Yeniden keşfedilmiş kalıcı izolasyon
Antik piramitler ağırlıklı olarak kireç taşından yapılmıştır. Binlerce yıl boyunca dayanıklı kalmalarının sebebi, Mısırlıların silisik asidin etkisini bilmeleriydi. Silisik asit, taşı mineralize eder, sertleştirir ve her tür çevresel etkiye karşı dayanıklı hale getirir. Bu ekolojik izolasyon yöntemi neredeyse unutulmuştu.
Mineralizasyon nedir?
Nehirden bir taş alırsak ve bu taşı kırarsak, dışının ıslak, fakat içinin kuru olduğunu görürüz. Taşların dış yüzeyi, diyatome olarak adlandırılan mikroorganizmalarla kaplıdır. Bu mikroorganizmalar, fotosentez yaparak silisik asit üretirler ve silisik asit de nemin içeri nüfuz etmesine engel olur. Jean Pierre Allegre (ProtecD’nin teknik müdürü), diyatomeler sayesinde ortaya çıkan bu doğal süreci gerçekleştirmenin başka bir yolunu buldu. Taşları ekolojik ve kalıcı bir şekilde mineralize eden bir ürün geliştirdi.

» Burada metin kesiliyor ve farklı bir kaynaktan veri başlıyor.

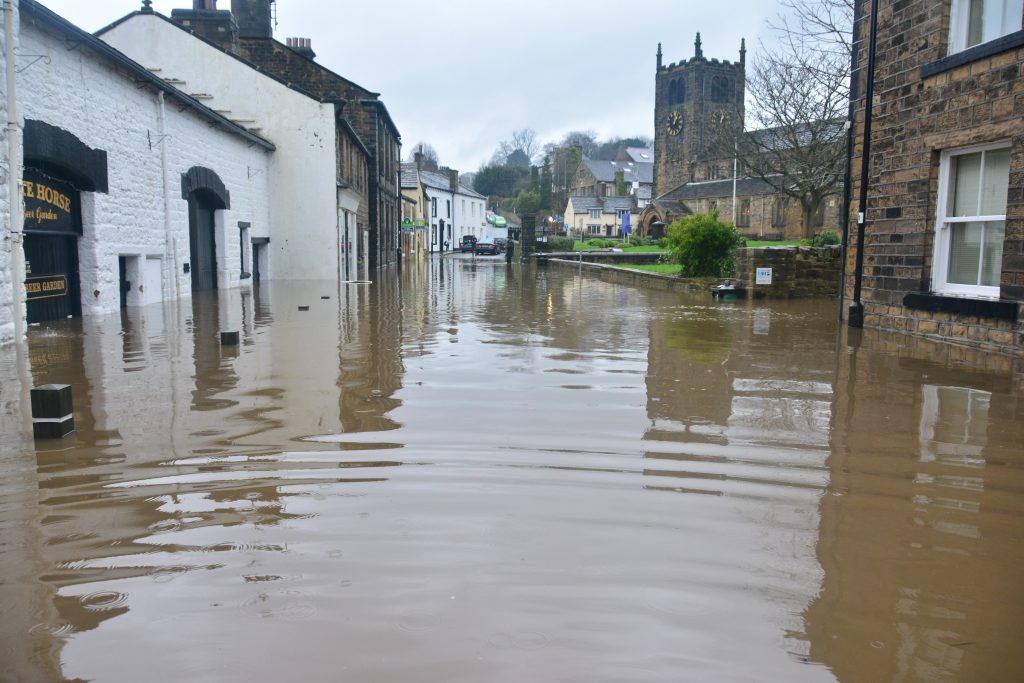 Flooded homes in Bingley, 2015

Sıvılar, böylece taşa veya betona nüfuz edemez. Donma hasarlarının önüne geçilir ve tuzlu su zeminlere zarar veremez. Taş ve beton yüzeylere kir nüfuz edemediği için temizlik işlemleri bir hayli kolaylaşır. Bazı belediyeler şimdiden bu yöntemden yararlanıyorlar ve kaldırımları ve mesire alanlarını mineralize ettiler. Normal bir temizlikten sonra kalması beklenen lekeler, sakız ya da grafiti gibi istenmeyen unsurlar artık kolayca ortadan kaldırılabiliyor. Bu yüzden, belediyelerin temizlik masrafları gözle görülür bir biçimde azaldı. Mohs(*) yöntemine göre yapılan testler, taşların 2 puan daha aşınmaya dayanıklı hale geldiğini gösteriyor. Kırmızı şarap, kahve ve kola bile kalıcı bir renk değişimine sebep olamaz.

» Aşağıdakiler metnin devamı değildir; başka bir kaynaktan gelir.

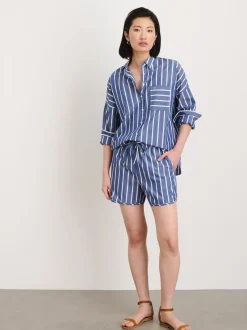 New Alex Mill Rework Sunny Pull On Short In Wide Stripe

Mineralizasyon, kalıcı izolasyon demektir
Alışılagelmiş izolasyon yöntemleri ile mineralizasyon arasındaki fark, moleküllerin kimyasal yapısında saklıdır. Sirke ve yağ örneğiyle açıklayabiliriz bu durumu. Sirke ve yağı karıştırdığımız zaman, belirli bir süre sonra, iki sıvının tekrar ayrıldığını görürüz. Reçine bazlı izolasyon malzemelerinde de benzer bir durum söz konusudur. Bu malzemeler, doğal taşların mineral moleküllerine kalıcı olarak bağlanamazlar. Bu sebepten, bu malzemeyle yapılan izolasyonların ömrü boyalarınki kadardır. Sıcak suyla yapılan yoğun temizlik ya da güçlü buhar gibi etkiler bu süreci daha da hızlandırabilir.
ProtecD mineralizörleri, mineral moleküllerinden oluşur. Bu moleküller, taşa nüfuz ederek taştaki moleküllere kalıcı olarak bağlanır. Bu işlem sonucunda, zeminin renginde veya görünüşünde bir değişim meydana gelmez. Mantar, küf ve alg oluşumu engellenir. Bu durum, tarihi anıtlar, çeşmeler ve çatılar için önemlidir.
(*)MOHS skalası, değerli taşları ve diğer mineralleri veya materyalleri sertliklerine göre sınıflandırmak için kullanılan en yaygın yöntemdir. 1812’de Alman mineralog Friedrich MOHS tarafından geliştirildi ve bir mineralin aşınmaya karşı dayanıklılığını gösterir. Mineraller 1 (en yumuşak) ile 10 (en sert) arasındaki kategorilere ayrılır. Bu sınıflandırma mineraller arasında nispeten sabit olduğundan, bir elmas ve bir yakut arasındaki sertlik farkı kalsit ve alçıtaşından çok daha fazladır. Sınıflandırma endeksi sertlik ile oranlı değildir. Elmas endeksi 10, korindon endeksi 9’dan 4 kat daha serttir. Korindon ise, topazdan iki kat daha serttir.